* WORK INSTRUCTION *
Leaving out all pictures, write down exactly the lines from the one containing "കണ്ടെയ്ൻമെന്റ് മേഖലകളിൽ 24" through the last line of the material.

── EXERCISE DATA ──

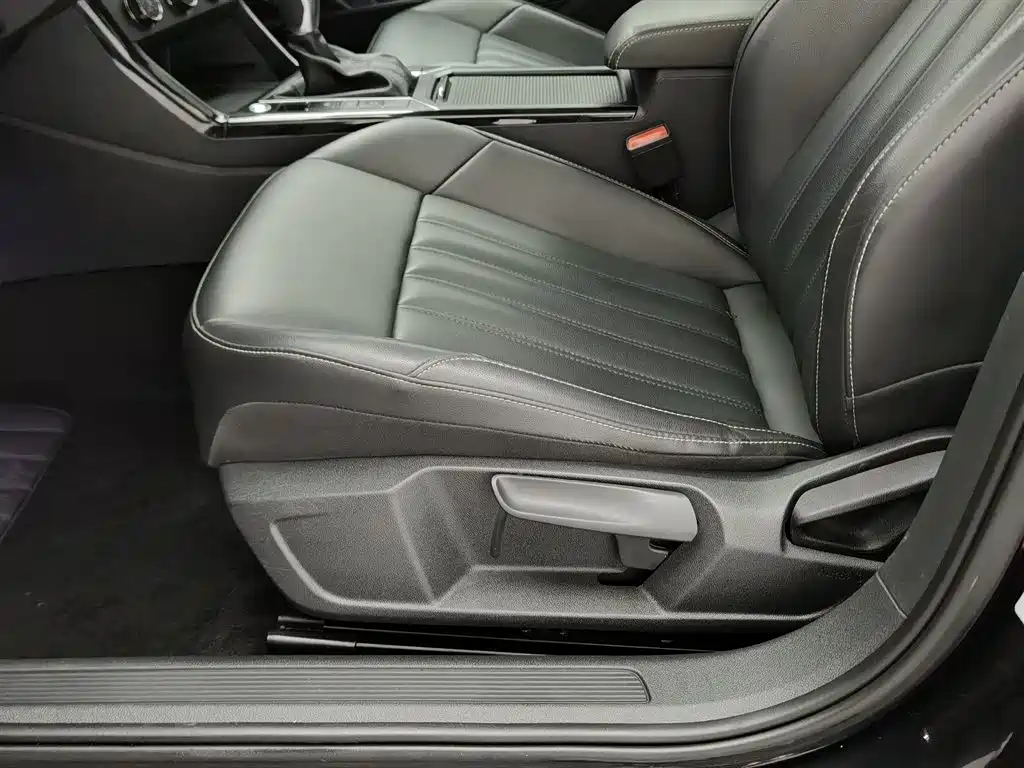 Volkswagen Passat 2020 — фото 20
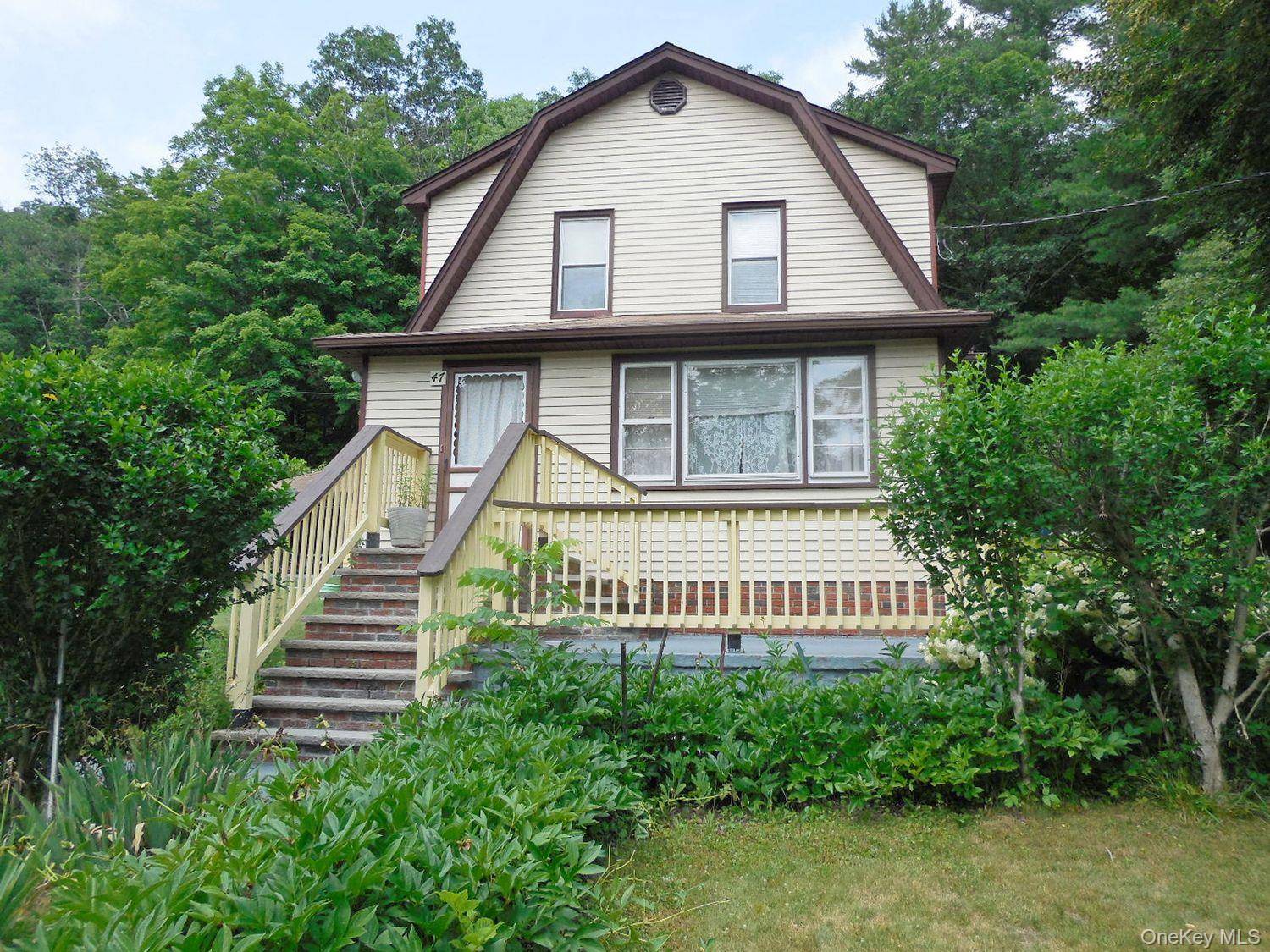 47 Ministers Flats RD, Wurtsboro, NY 12790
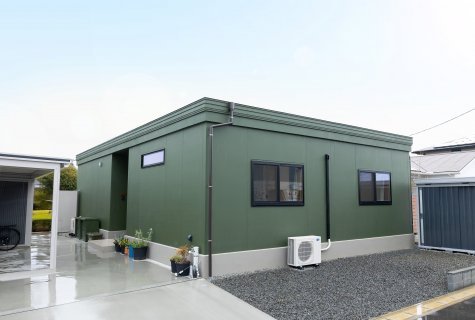 平屋の暮らしで好きなものだけを心地よく。老後も見据えた、無駄なく"好き"をかたちにした住まい。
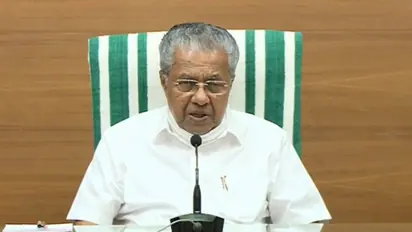 കണ്ടെയ്ൻമെന്റ് മേഖലകളിൽ 24 മണിക്കൂറും കര്ഫ്യൂവിന് സമാന നിയന്ത്രണം; മുഖ്യമന്ത്രി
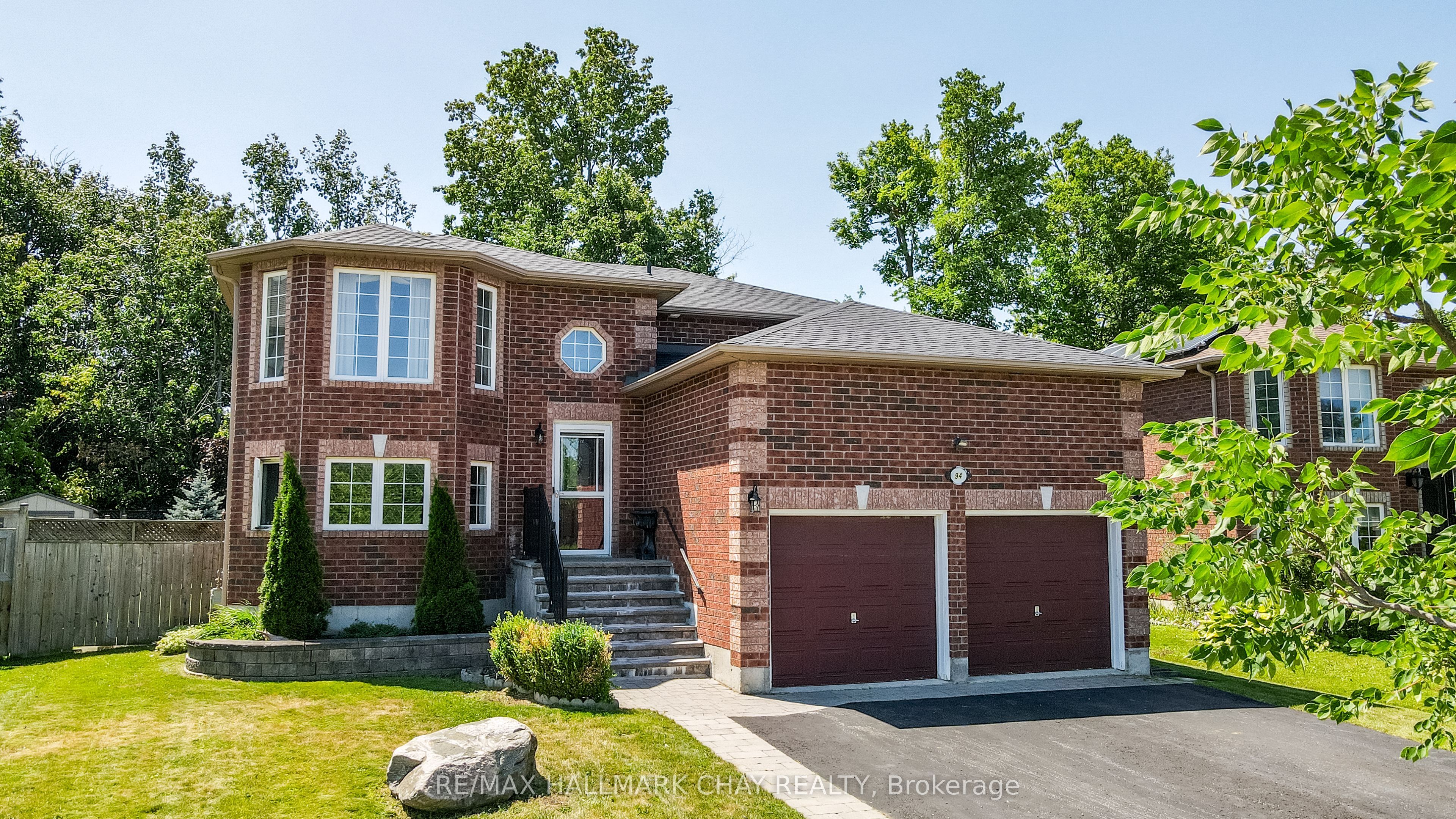 94 Sandringham Drive, Barrie, ON L4M 7J5 photo 4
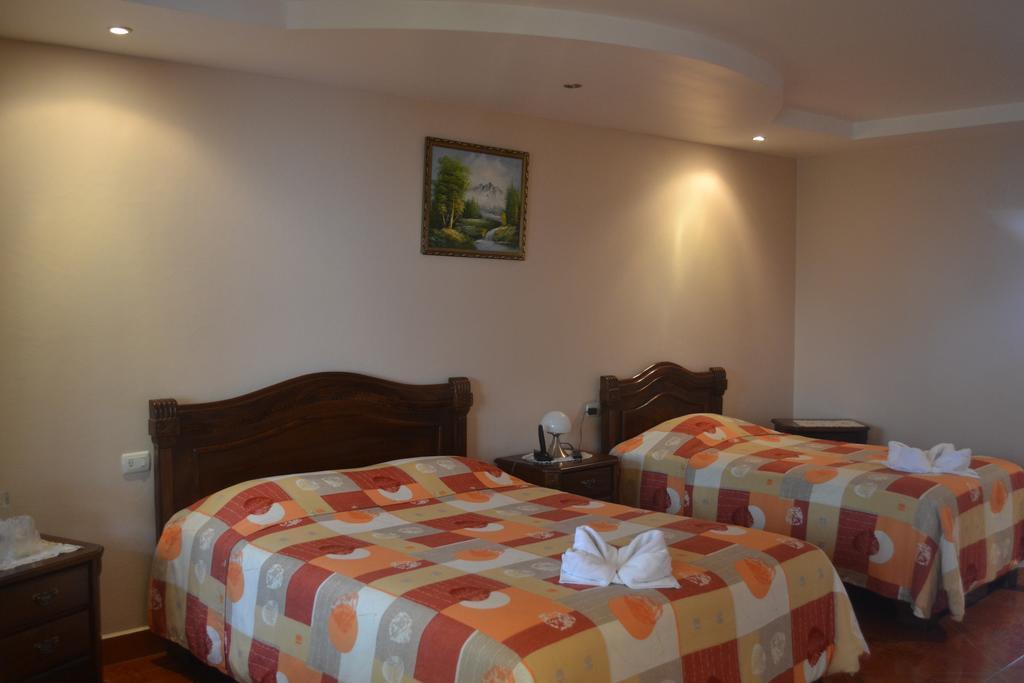 Hotel Las Brumas Cartago Exterior foto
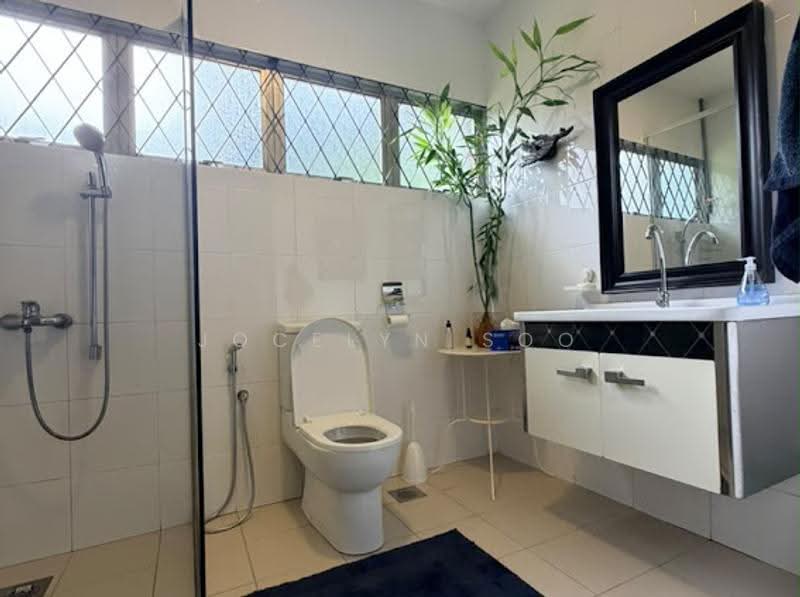 Bungalow House for Sale in Ukay Heights (Ampang) - Jocelyn Soo - Bathroom - PropertyGuru.com.my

───

* EXERCISE OUTPUT *
 കണ്ടെയ്ൻമെന്റ് മേഖലകളിൽ 24 മണിക്കൂറും കര്ഫ്യൂവിന് സമാന നിയന്ത്രണം; മുഖ്യമന്ത്രി
 94 Sandringham Drive, Barrie, ON L4M 7J5 photo 4
 Hotel Las Brumas Cartago Exterior foto
 Bungalow House for Sale in Ukay Heights (Ampang) - Jocelyn Soo - Bathroom - PropertyGuru.com.my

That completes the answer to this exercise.